◆ **Exercise**: Look below for the line containing "Thank you so". Write out that line and the rest through the last one, exactly as they appear, but without pictures.

========================================

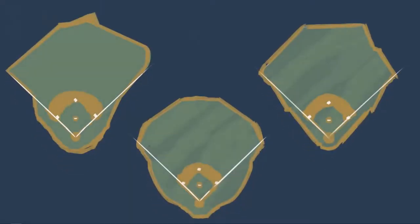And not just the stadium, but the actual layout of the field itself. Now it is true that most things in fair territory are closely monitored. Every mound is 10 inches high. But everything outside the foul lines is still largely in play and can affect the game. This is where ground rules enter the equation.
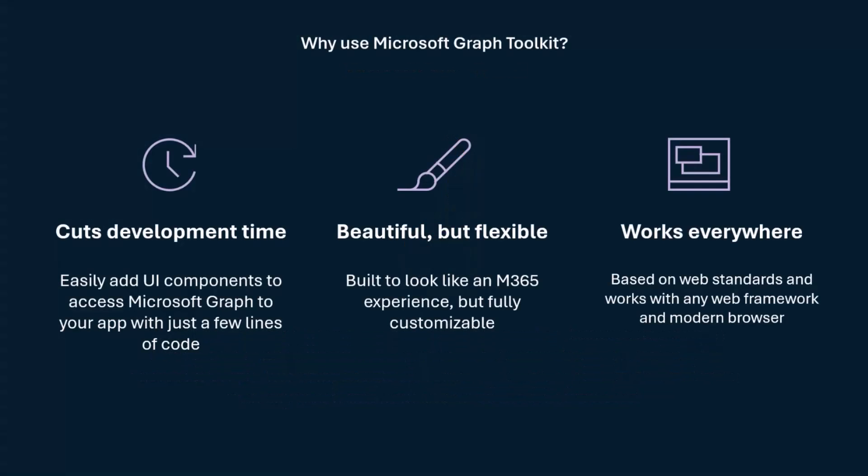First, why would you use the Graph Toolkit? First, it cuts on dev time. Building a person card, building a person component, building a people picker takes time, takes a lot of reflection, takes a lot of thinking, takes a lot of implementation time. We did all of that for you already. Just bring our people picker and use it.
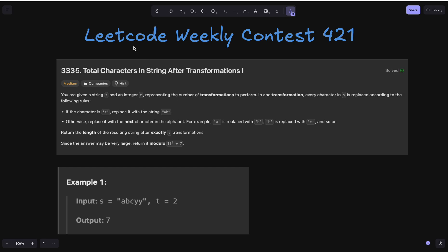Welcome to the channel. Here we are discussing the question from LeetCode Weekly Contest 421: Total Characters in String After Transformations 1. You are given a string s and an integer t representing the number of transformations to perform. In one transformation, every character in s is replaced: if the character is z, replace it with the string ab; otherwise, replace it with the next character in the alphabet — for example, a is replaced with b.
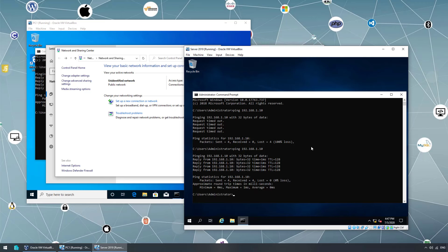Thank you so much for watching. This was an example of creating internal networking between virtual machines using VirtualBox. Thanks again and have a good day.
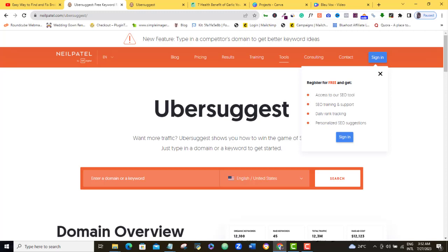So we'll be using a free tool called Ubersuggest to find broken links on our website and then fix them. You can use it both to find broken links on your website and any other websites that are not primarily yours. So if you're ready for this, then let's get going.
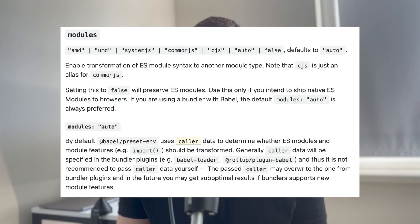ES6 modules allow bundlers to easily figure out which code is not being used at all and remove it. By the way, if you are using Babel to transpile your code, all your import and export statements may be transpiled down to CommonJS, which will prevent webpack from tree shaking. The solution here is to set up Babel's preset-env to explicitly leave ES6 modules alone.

========================================

◆ **Exercise answer**:
Thank you so much for watching. This was an example of creating internal networking between virtual machines using VirtualBox. Thanks again and have a good day.
So we'll be using a free tool called Ubersuggest to find broken links on our website and then fix them. You can use it both to find broken links on your website and any other websites that are not primarily yours. So if you're ready for this, then let's get going.
ES6 modules allow bundlers to easily figure out which code is not being used at all and remove it. By the way, if you are using Babel to transpile your code, all your import and export statements may be transpiled down to CommonJS, which will prevent webpack from tree shaking. The solution here is to set up Babel's preset-env to explicitly leave ES6 modules alone.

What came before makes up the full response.